Learning the Luncheon of the Boating Party Analysis.
1. Brushstrokes.
The Luncheon of the Boating Party has little and finer brushstrokes to give a realistic photography image. He used extensive impressions of the muted and cool light with contrasting warm colors to give an overall look to the painting. He added texture to the clothes of the figures with finer brushstrokes.



2. Color, Light, and Value.
The painting shows a deep range of light and color. Renoir explained this to Vollard,
“There is a greater variety of light outdoors than in the studio…because of this, light plays far too important a part, you have no time to work in the composition.”
Hence, he used dappled light plus attempts to unify and define the composition. Furthermore, he rendered the figures in a firmer outline and limited the range of colors by placing them in an even light provided by the canvas awning.

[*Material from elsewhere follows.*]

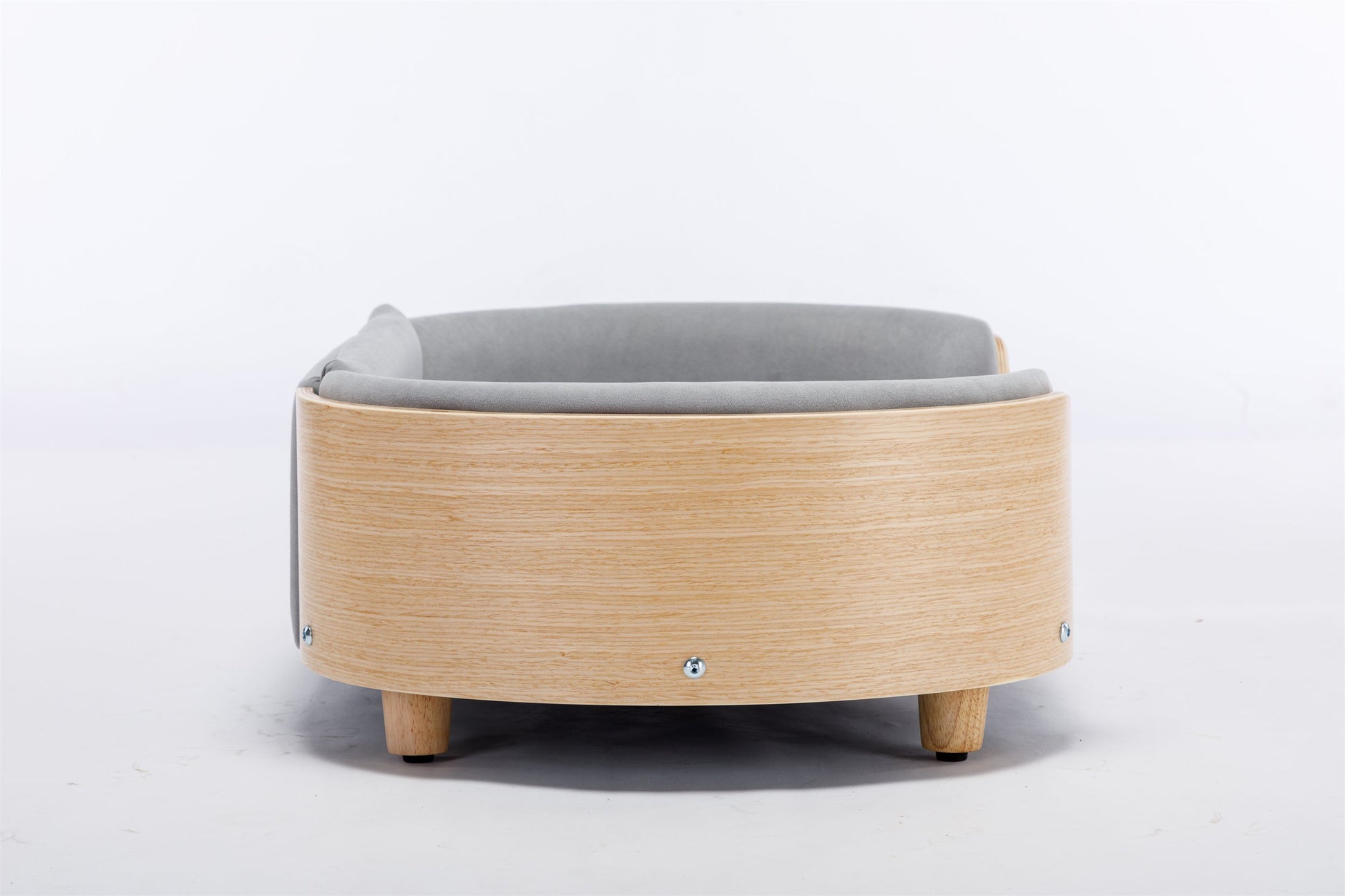 Scandinavian-style dog bed with a minimal wooden frame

The artist used a wide range of colors here. From deep blue to green with vivid reds and greens, Renoir painted this masterpiece with rich colors and contrasts. He used texture to showcase the figure’s clothing. One point to note here is that he used many golden tones to show the skin tones of women alongside the blush to portray the reddened skin by the sun.
Final Words.
As a painter of the ideal sensuous figure, Renoir is truly the last of the greatest. It goes without saying that his predecessors were the Pompeian Fresco artists Raphael, Titian, Rubens, and Ingres. As a result of the influence of the artworks of Bonnard, Denis, Maillol, and Picasso, he fostered freedom in his art, further combining it with a balanced composition and form that is substantial and monumental in nature. As much as Renoir was a remarkable artist, he was an exceptional individual whose life story is heroic and inspiring. Just as the Luncheon of the Boating Party fills the viewer with enthusiasm, joy, and celebration, his life brings optimism to the hearts of the readers. Last but not least, the story of his life and artworks makes us grateful to have known, appreciated, and been inspired by such a generous person. To read his complete life, you can refer to the book, Renoir: An Intimate Biography, which is beautifully composed!
Resources.
- Renoir by Sophie Monneret.
- Renoir and His Art by Keith Wheldon.
- Renoir: An Intimate Biography by Ehrlich Barbara White.
- The Genius of Renoir: Painting from the Clark by Sterling and Francine Clar Art Institute.
- The Great Book of French Impressionism by Diane Kelder.
- Featured Image: Luncheon of the Boating Party by Pierre-Auguste Renoir, Public domain, via Wikimedia Commons
Frequently Asked Questions.
The Luncheon of the Boating Party celebrates the spirit of friendship, love, food, and great company, which represents the happiest years of Renoir’s life. What makes it more lovely is the use of finer strokes with contrasting colors to give it a photographic realism.
The Luncheon of the Boating Party is famous because it is one of the last paintings by Renoir in this genre, where he fused still life, landscape, and figurative art. Additionally, it is one of the largest canvases from the artist’s gallery, which demonstrates a lively atmosphere with impeccable impressionist skills.
Aline Charigot is the main character of the painting who is seated in a dark blue and fashionable dress with her dog. Renoir painted it one year after he met her. She is the future wife of the artist who would bear his children and live with him for the rest of his life.